“What are y—?” she twisted when he lifted her, grabbing onto his neck as though she expected him to launch her into the puddle of gruel in the middle of the room. “No, no, no!”

“Shh. It’s okay. I’ve got you.”

Her body shook with another sob, but she remained quiet on their way back upstairs. She eyed him closely when they entered the lift, no doubt wondering where they were going, but the surprise was evident on her face when the doors pinged open to reveal the bedroom corridor.

Walking in the opposite direction, Brax stopped in his tracks when the two of them came into view, a thick folder under his arm. “Stone?” he grumbled uncertainly, his head tilting.

“Tell Linda to send breakfast up to my bedroom. A proper one.”

He left with a curt nod, side-eyeing Kate as he went.

Sighing, Warren entered his bedroom with Kate sniffling in his arms, heading straight into the en-suite he rarely used. He set her onto the marble counter in the bathroom, turning on the shower and hanging a fluffy midnight blue towel on the hook next to it.

His old instincts nagged at him when he faced a despondent Kate, tears still falling freely down her cheeks, her legs dangling off the counter. The instinct to take her into his arms and protect her from the world returned then, as strong as it had ever been. Warren ground his teeth. Except her problems could no longer be solved with a trip to the park or a visit to the ice cream van.
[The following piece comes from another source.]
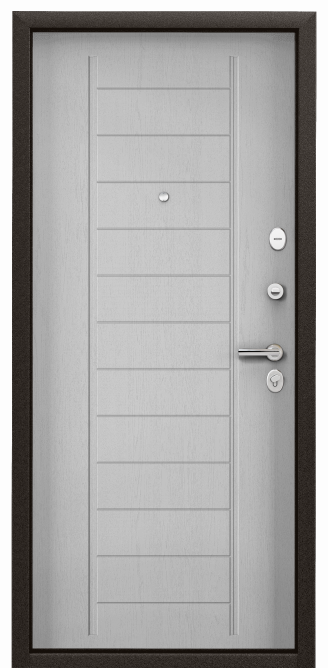 ПВХ Дуб белый матовый в Липецке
“You didn’t know.” Warren wiped her tears away, as he’d once done so often. Nostalgia pumped through his veins when he thought of all the times he’d dried her tears in the week he’d taught her how to ride a bike. She flinched back from him, staring at the floor.

It wasn’t a question, but Kate shook her head anyway. “I didn’t know.”

“Shower,” he told her, picking at the shoulder of the ragged shirt she wore. “I’ll get you a fresh pair of clothes. There’s spare toiletries in here.” He opened the cupboard under the sink and pulled out a wicker basket brimming with products. “Take what you need. All right? You’ll feel better after a shower and some food.”

The slight movement of her head might have been a nod.

He was closing the bathroom door when her small voice called to him. “Warren?”

“Mm?”

“Are you going to kill my father?”

He answered truthfully. “Eventually.”

Kate stared in front of her, unseeing. “Okay.”

Rhys Stone leant on the doorway to Warren’s office, his dark hair artfully falling over his brow. “I’m assuming your original plan of keeping Charlton locked in the cellar for the rest of his life and throwing Kate in prison for the rest of hers has gone out of the window somewhat.”

“Somewhat.” Warren leant back in his chair. He’d let Kate go back to sleep after her breakfast, curled up under the covers, her chestnut hair streaming across the pillow. It had been more difficult than he’d expected—to drag his body away from hers.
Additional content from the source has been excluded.